The crowd, which included several local TV news crews and about a dozen youth, listened as a series of speakers talked about what can be done to stop bullying, mentor children and quell the national gay teen suicide crisis.
Jesse Garcia, president of Dallas’ gay LULAC council, choked up as he recounted his own struggle to overcome bullying.
“We’re here for you,” Garcia said. “We care about you. You are our children. Don’t give up.”
Larry Duncan, president of Dallas County Schools, which provides transportation and other services for local school districts, told the crowd it was unfortunate Friday’s rally was even necessary.
“It isn’t about why we’re here, it’s about why the other people in our city and county aren’t here,” Duncan said. “The fact that we have to be here is a shame.”
State Rep. Roberto Alonzo, D-Dallas, vowed to push safe schools legislation that includes LGBT youth in next year’s legislative session.
Dallas City Councilwoman Delia Jasso said she’ll encourage the Dallas Independent School District to add sexual orientation and gender identity to a proposed new anti-bullying policy the district is considering.

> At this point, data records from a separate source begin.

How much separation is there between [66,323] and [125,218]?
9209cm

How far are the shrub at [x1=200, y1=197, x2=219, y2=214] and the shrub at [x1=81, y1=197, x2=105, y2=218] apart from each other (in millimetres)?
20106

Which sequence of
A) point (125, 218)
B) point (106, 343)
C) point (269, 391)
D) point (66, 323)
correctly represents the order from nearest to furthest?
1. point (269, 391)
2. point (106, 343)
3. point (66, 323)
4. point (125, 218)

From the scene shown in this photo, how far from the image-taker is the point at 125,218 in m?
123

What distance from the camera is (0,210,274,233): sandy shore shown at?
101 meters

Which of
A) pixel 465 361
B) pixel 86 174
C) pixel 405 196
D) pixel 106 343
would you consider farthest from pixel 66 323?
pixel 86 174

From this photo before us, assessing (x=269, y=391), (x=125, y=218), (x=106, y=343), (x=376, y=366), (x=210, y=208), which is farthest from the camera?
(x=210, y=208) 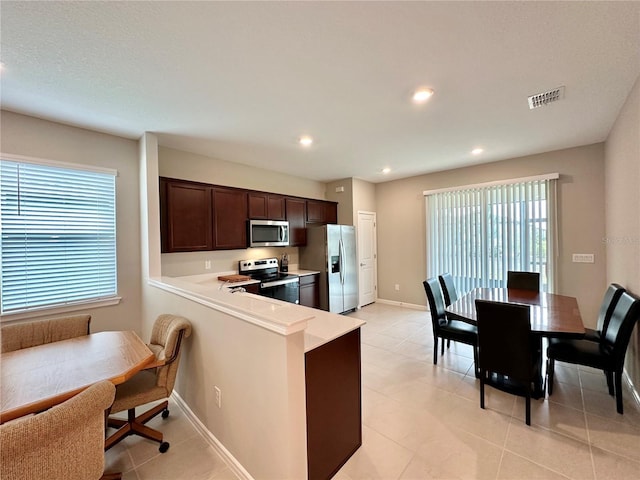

“Just know you are not alone,” Jasso said. “There are lots of us on the City Council, myself included, who are here to help you. We cannot afford to lose any more teens to suicide.”
As currently written, DISD’s proposed new anti-bullying policy doesn’t include specific protections for LGBT youth. But Lee Taft, associate executive director at Resource Center Dallas, said DISD’s board of trustees agreed to delay discussion of the new policy this week in response to a request from his organization.
Taft, who lost his partner to suicide in the 1980s, said the community must focus on prevention instead of “post-vention.” He also said the media needs to strike a balance to avoid glamorizing suicide and fueling a copycat phenomenon.
“Let’s make sure that we don’t make martyrs and don’t empower bullies,” Taft said.
Patti Fink, president of DGLA, said the bullying children endure in school wouldn’t be tolerated in any other part of society, including the workplace or even people’s own neighborhoods.
“It’s a travesty that our children are experiencing brutality in our schools every day that prevents them from learning,” Fink said, issuing a call to action. “This is the time, this is the date, this is the energy we need to go forward.”